### HOW TO COMPLETE THIS TASK:
Without including any pictures, please copy every entry below exactly.

[SUPPLIED ENTRIES — start]

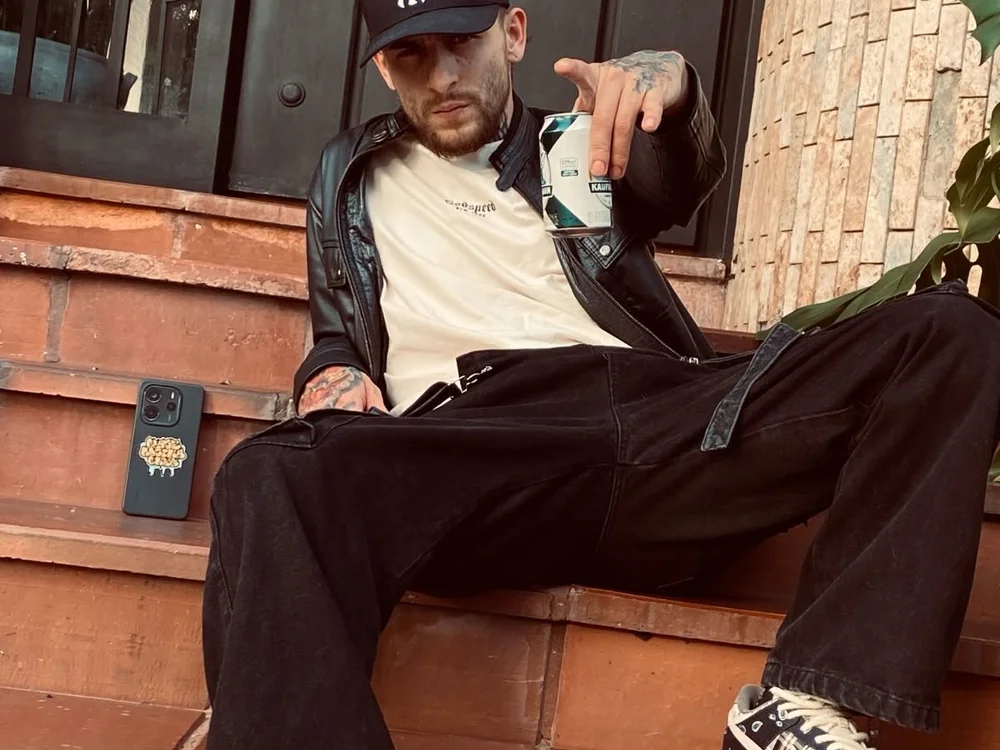 Offline XXX chat Drako_liveshow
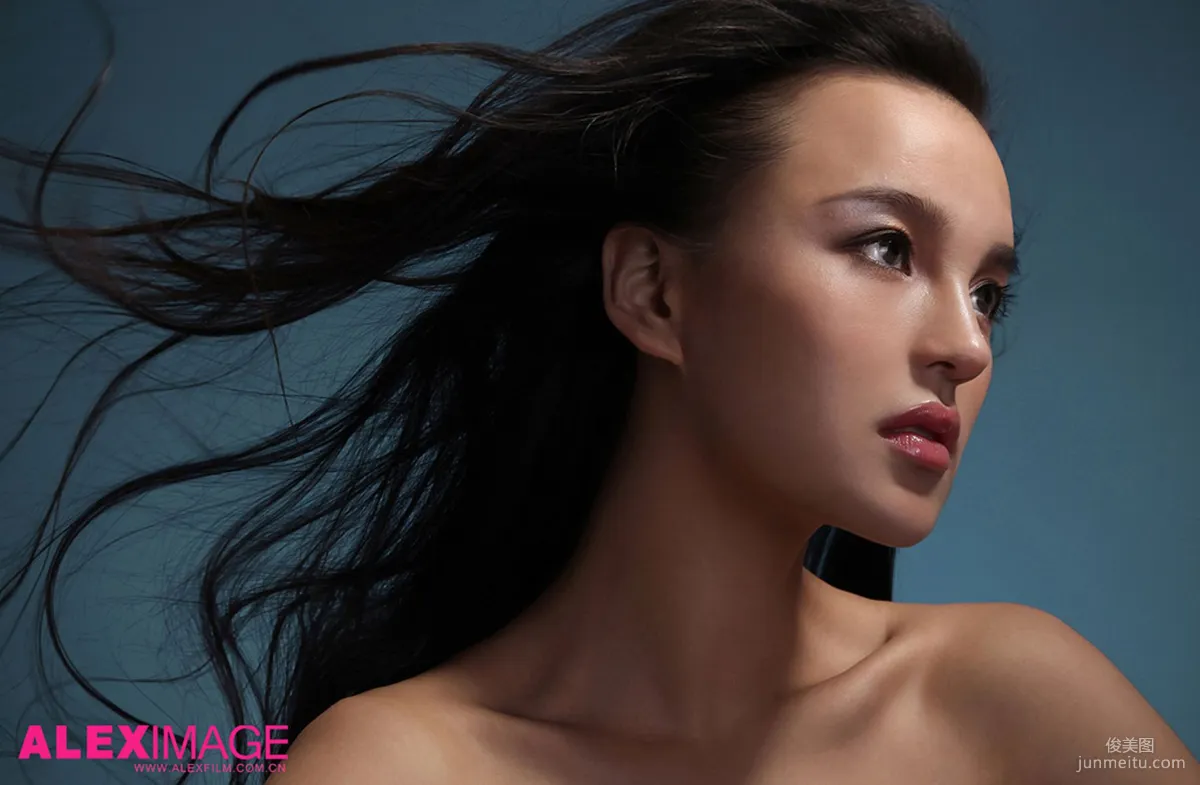 Mixed-Race Beauty Model Shi Yiyi Studio Shoot Photo Set photo 31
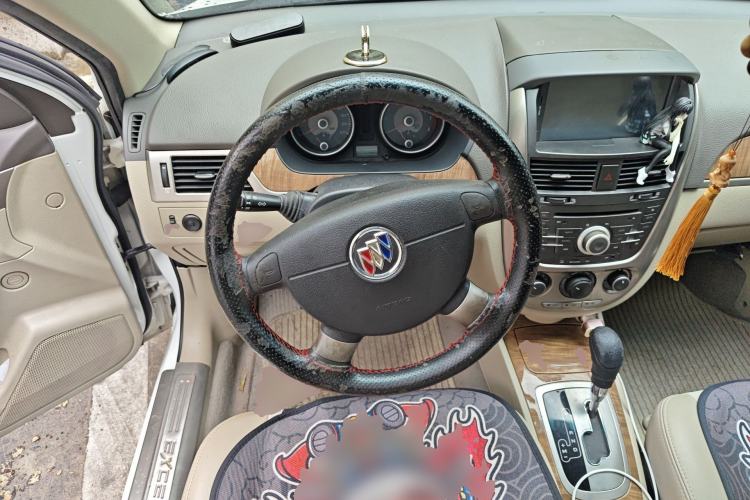 Used Buick Excelle 2015 1.5L Automatic Classic Model
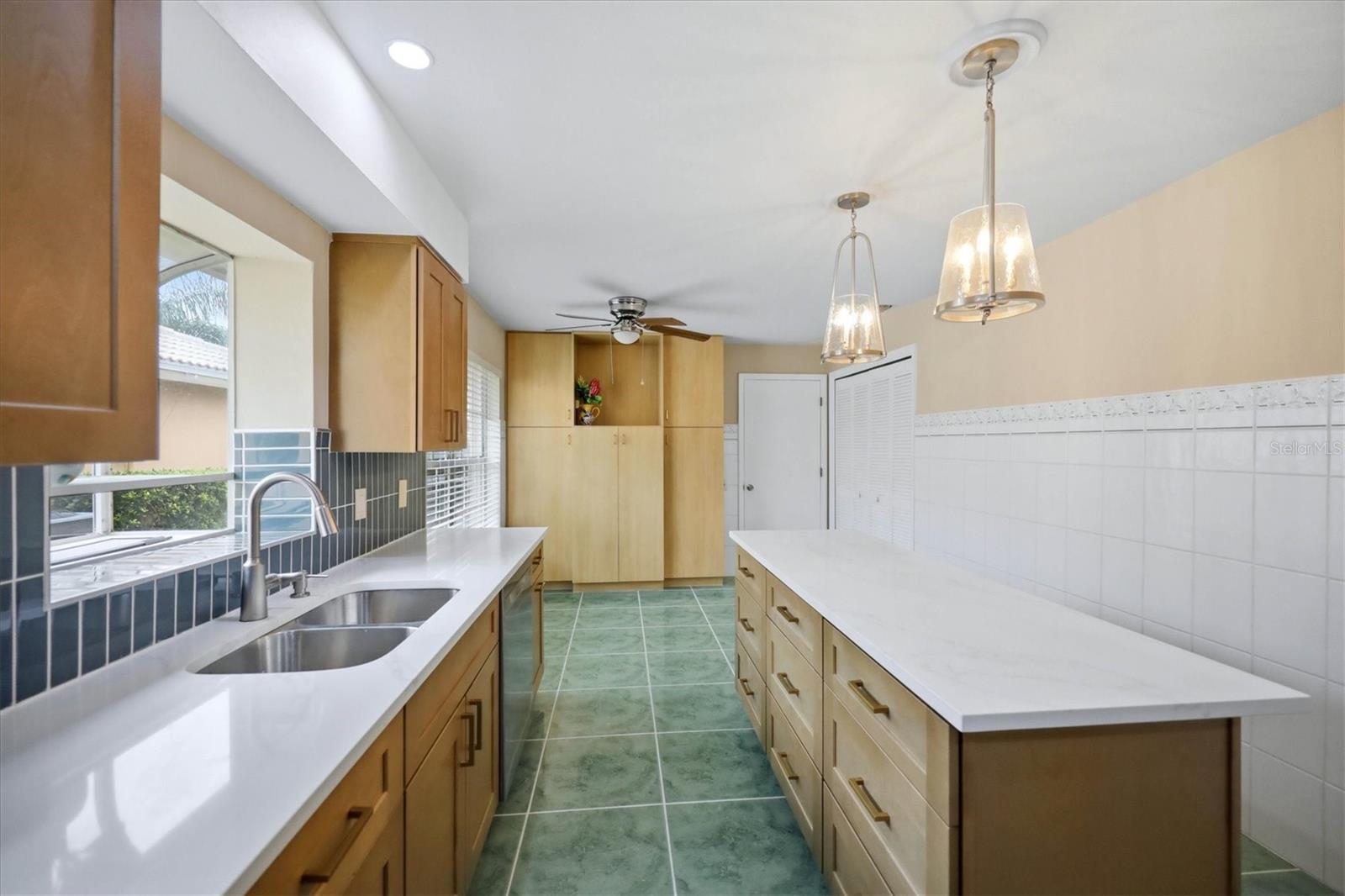 4738 DUNDEE DR — photo 6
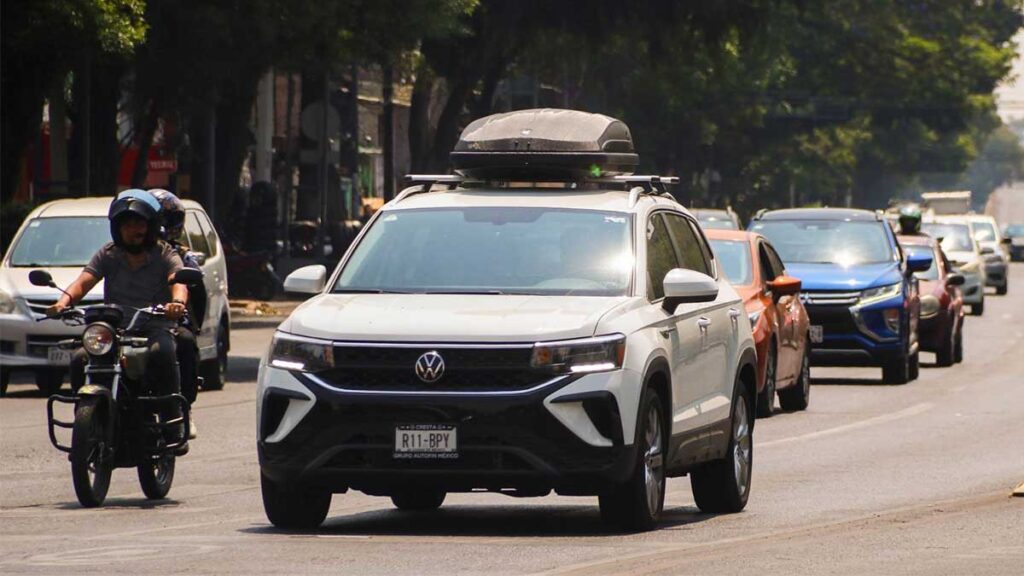 Toma precauciones ante el cierre del Carril Exprés en Monterrey. Foto:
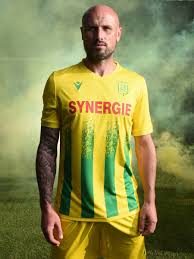 Le football club de nantes est un club de football français fondé à nantes en 1943 par jean le guillou et marcel saupin, par la fusion de différents clubs nantais dans le but d'intégrer l'élite du football français. Maillot Foot 2010 A Twitter Le Nouveau Maillot Domicile Du Fc Nantes Pour La Saison 2020 2021 Le Club Quitte New Balance Pour Passer Chez Macron Https T Co Gvicjrvbgk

[SUPPLIED ENTRIES — finish]

### ANSWER SECTION:
 Offline XXX chat Drako_liveshow
 Mixed-Race Beauty Model Shi Yiyi Studio Shoot Photo Set photo 31
 Used Buick Excelle 2015 1.5L Automatic Classic Model
 4738 DUNDEE DR — photo 6
 Toma precauciones ante el cierre del Carril Exprés en Monterrey. Foto:
 Le football club de nantes est un club de football français fondé à nantes en 1943 par jean le guillou et marcel saupin, par la fusion de différents clubs nantais dans le but d'intégrer l'élite du football français. Maillot Foot 2010 A Twitter Le Nouveau Maillot Domicile Du Fc Nantes Pour La Saison 2020 2021 Le Club Quitte New Balance Pour Passer Chez Macron Https T Co Gvicjrvbgk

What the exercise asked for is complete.